L’édition 2026 du YouTube Brandcast la semaine dernière marque un tournant : désormais, aux États-Unis du moins, YouTube ne se présente plus seulement comme une plateforme ou un diffuseur de contenus, mais aussi comme un partenaire de développement (et de financement) pour une poignée de productions triées sur le volet…
Le contexte : Le 13 mai, YouTube tenait son Brandcast annuel à New York, avec Trevor Noah en maître de cérémonie. Ce grand show, directement inspiré des « Upfronts » annuels des chaînes de télé, permet à la plateforme de dérouler sa feuille de route aux annonceurs et à leurs agences afin de capter leurs budgets pour l’année à venir.

Sur la scène du Lincoln Center, YouTube a présenté une véritable grille de programmes pour 2026/2027, avec une vingtaine de « Creator Shows » exclusifs. Ceux-ci sont portés par des créateurs comme Kareem Rahma (célèbre pour ses interviews dans le métro new-yorkais, les « Subway Takes », et dont les premiers épisodes de « Keep the Meter Running » viennent de sortir), Alex Cooper (son podcast « Call her Daddy » est suivi par 2,14 M d’abonnés sur YouTube et qui n’a pas moins de quatre programmes en préparation, dont une docu-série sur le Met Gala en 2027), Jesser (42,5 M), Dude Perfect (62 M), Cleo Abram (7,9 M) ou encore le footballer Erling Haaland (1,6 M).
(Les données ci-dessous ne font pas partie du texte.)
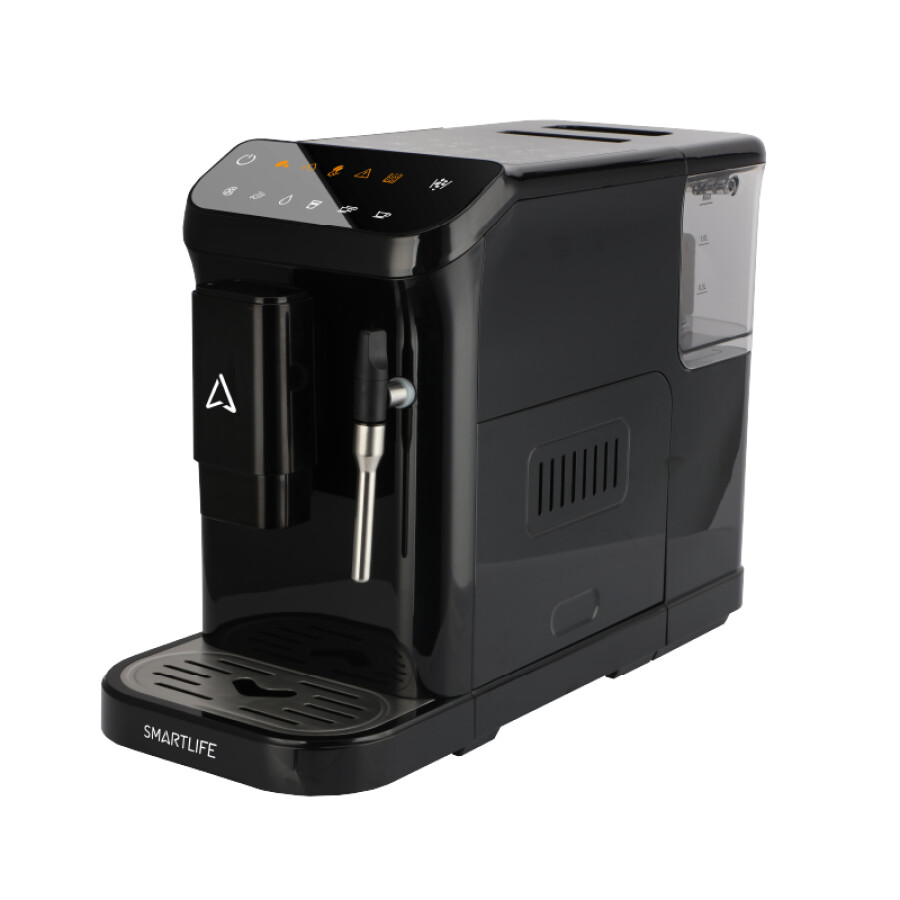 Cafetera Expresso Automático con Molinillo Smatlife SL-CM9002EA Cafetera Expresso Automático con Molinillo Smatlife SL-CM9002EA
Ces contenus seront intégrés à l’espace dédié « Shows », lancé en août dernier : celui-ci offre une mise en avant digne d'un service de streaming et une exposition boostée auprès des utilisateurs dans certains pays.
La filiale de Google ne produit pas elle-même ces programmes, mais elle entend désormais jouer un rôle proche de celui d'un network traditionnel : démarcher les marques et les créateurs pour trouver des partenaires long terme et leur assurer une visibilité accrue.
Selon Tubefilter, YouTube cherche en effet à proposer aux marques des dispositifs complets autour de ces créateurs star et de leurs programmes, avec à la fois du contenu sponsorisé intégré directement dans les vidéos, complétés par des achats d’espaces sur l'ensemble de la chaîne du créateur et enfin des publicités pour la marque incarnées par le créateur mais diffusées par ailleurs.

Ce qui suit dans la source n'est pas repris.